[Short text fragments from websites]
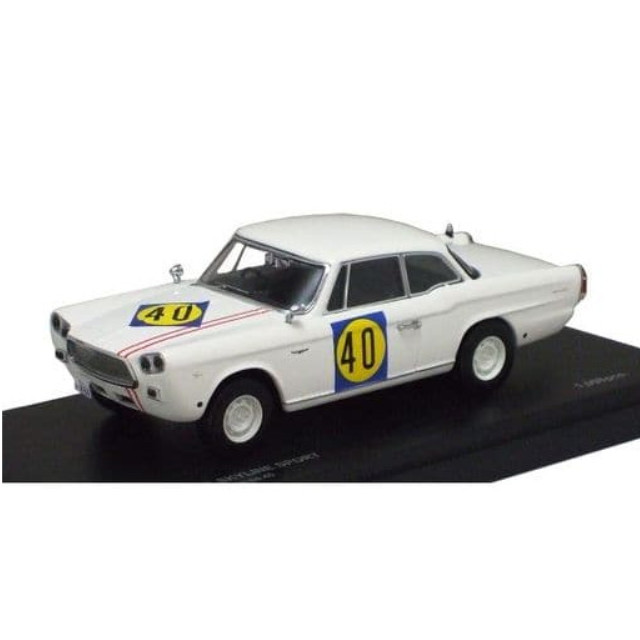 [MDL]  1/43 プリンス スカイライン クーペ レーシング No.40(ホワイト)  完成品 ミニカー(K03233B) 京商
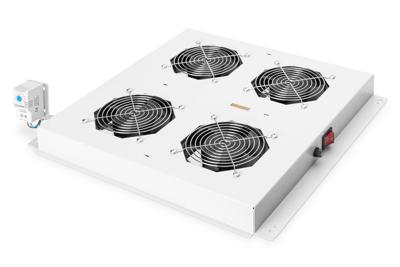Digitus DN-19 FAN-4-N 19 inch 4 x Grijs-wit (RAL 7035)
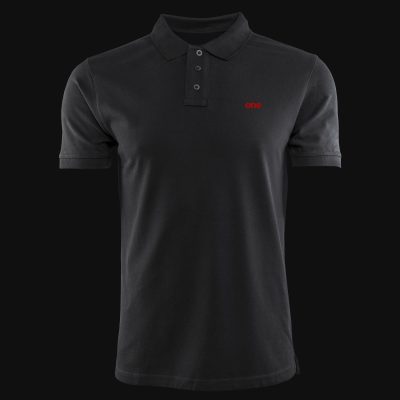 maglietta da uomo con colletto polo premium style black v5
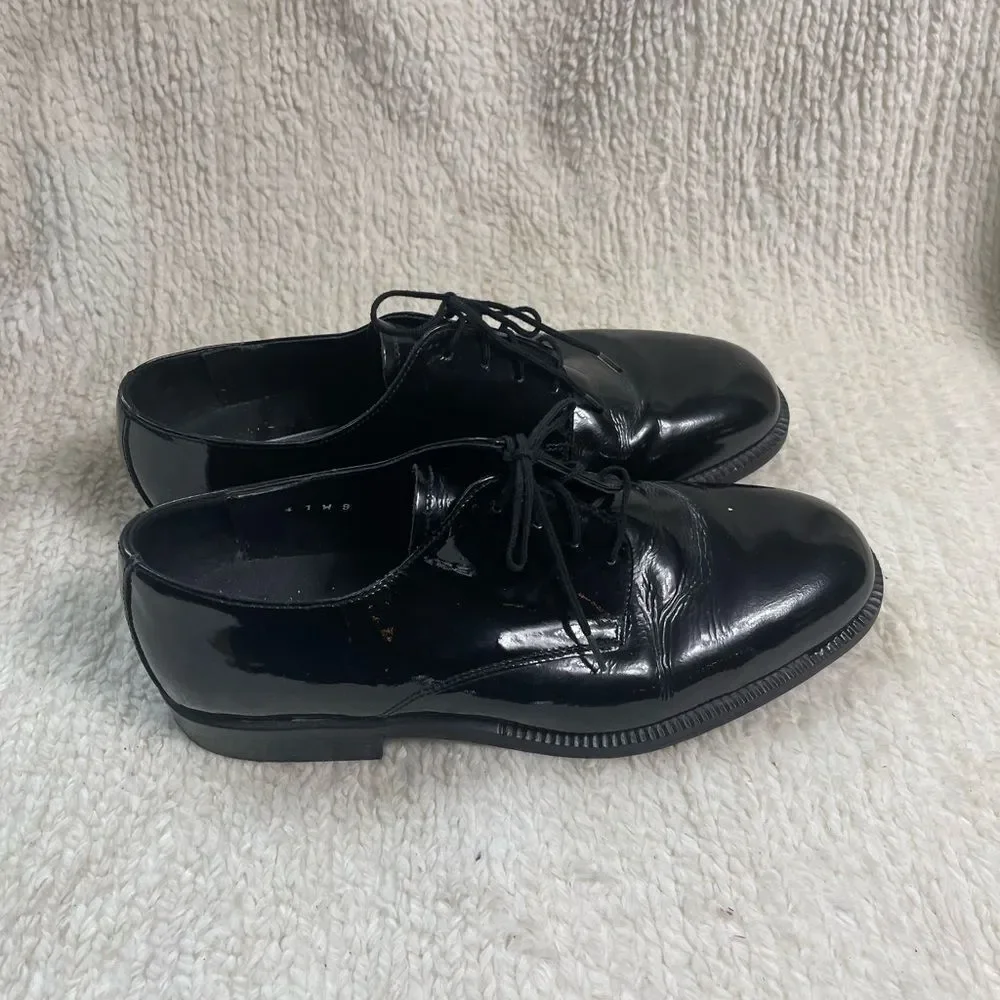 ADOLFO made in made in Italy Black Leather Men's Dress Shoes SZ9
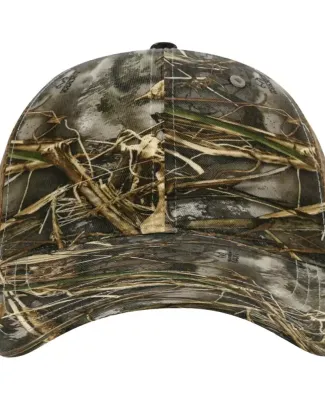 Richardson Hats 111P Washed Printed Trucker Cap in Realtree max 7/ buck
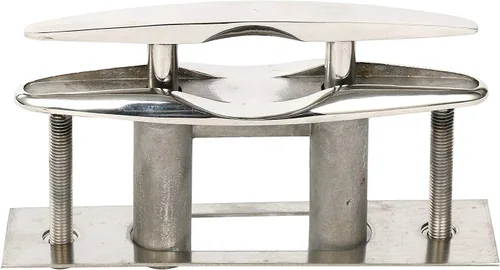 Miniatura 2 de Amarine Made Par de botes marinos de acero inoxidable 316 Pull up Cleat Flush Mount Cleat Lift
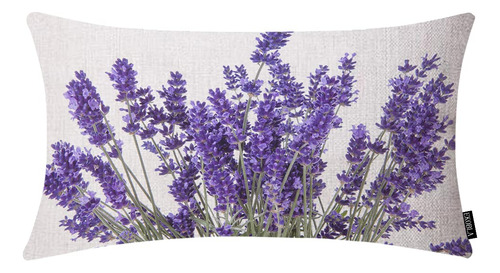 Ekobla Fundas De Almohada De Flores De Lavanda, Fundas De Al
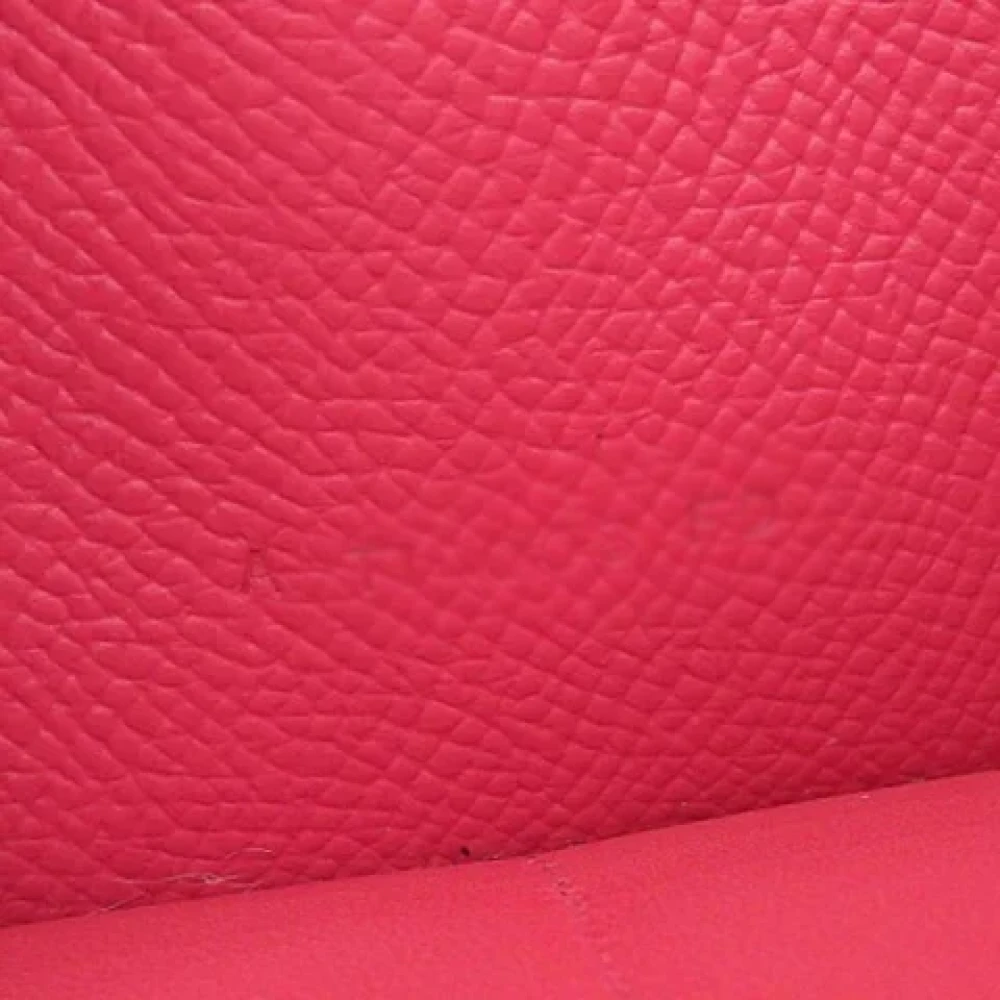 Hermès Vintage Pre-owned Leather wallets Pink Dames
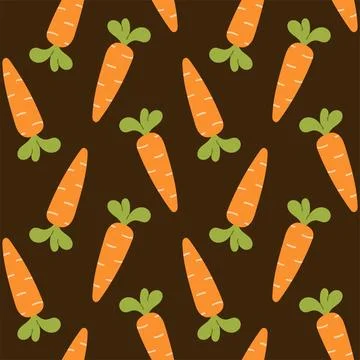 Seamless pattern with carrots Stock Illustration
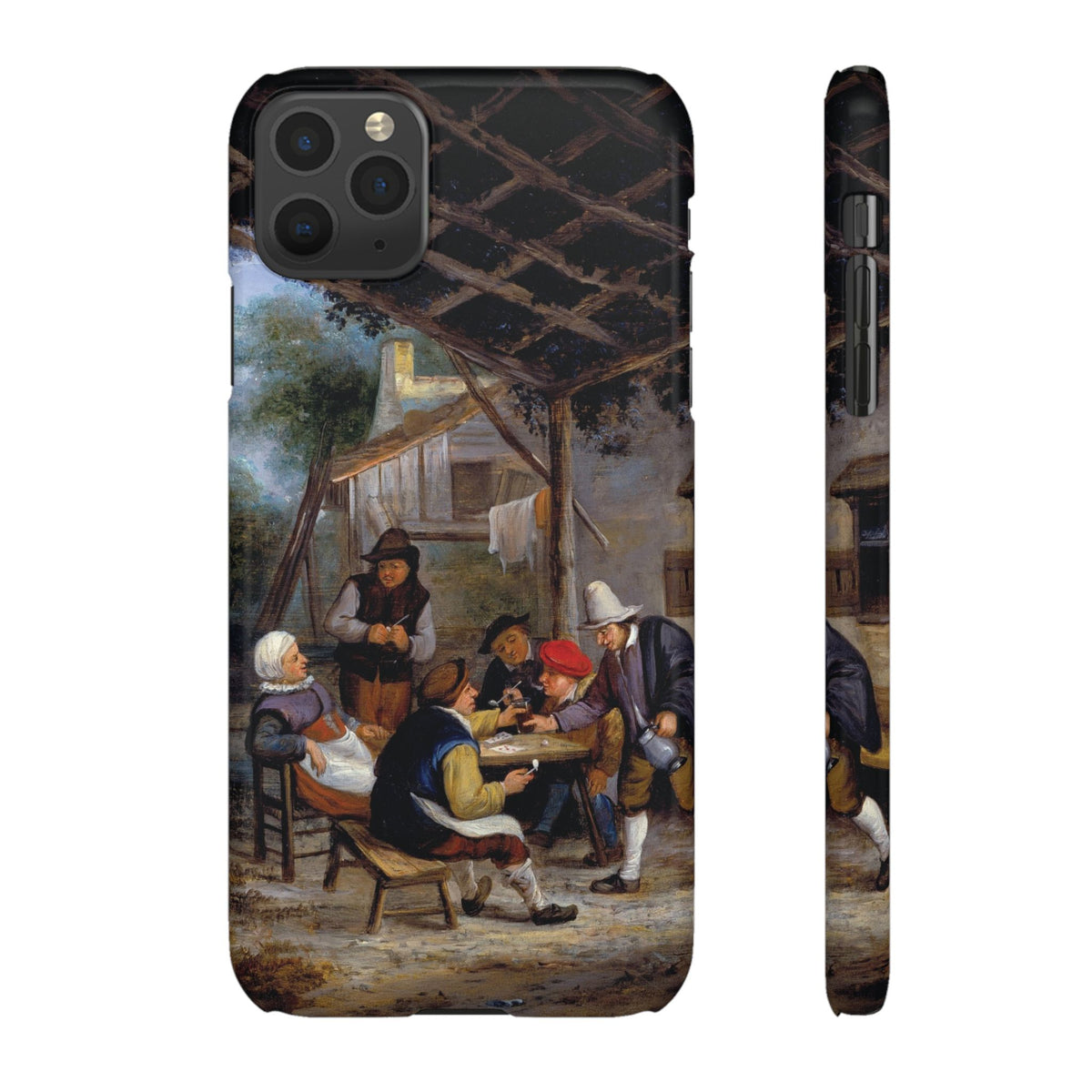 Peasants Drinking by Adriaen van Ostade - iPhone Slim Case
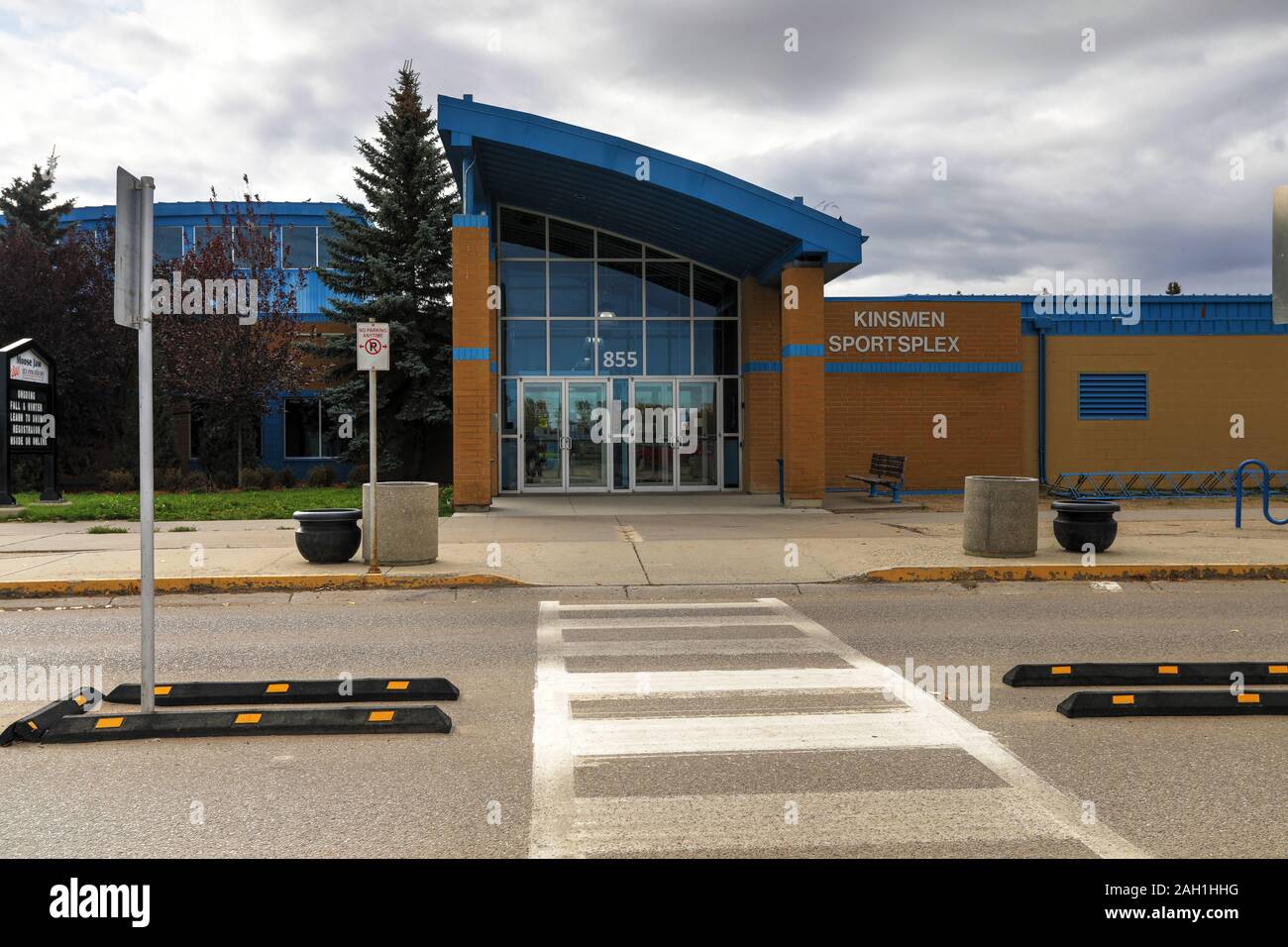 Le Sportsplex Kinsmen à Moose Jaw, Saskatchewan, Canada Banque D'Images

WHAT TO DO
Above are the records. Copy only the lines from the one with "maglietta da uomo" through the one with "Hermès Vintage Pre-owned", exactly, with no pictures.

RESULT FOR THIS EXERCISE
 maglietta da uomo con colletto polo premium style black v5
 ADOLFO made in made in Italy Black Leather Men's Dress Shoes SZ9
 Richardson Hats 111P Washed Printed Trucker Cap in Realtree max 7/ buck
 Miniatura 2 de Amarine Made Par de botes marinos de acero inoxidable 316 Pull up Cleat Flush Mount Cleat Lift
 Ekobla Fundas De Almohada De Flores De Lavanda, Fundas De Al
 Hermès Vintage Pre-owned Leather wallets Pink Dames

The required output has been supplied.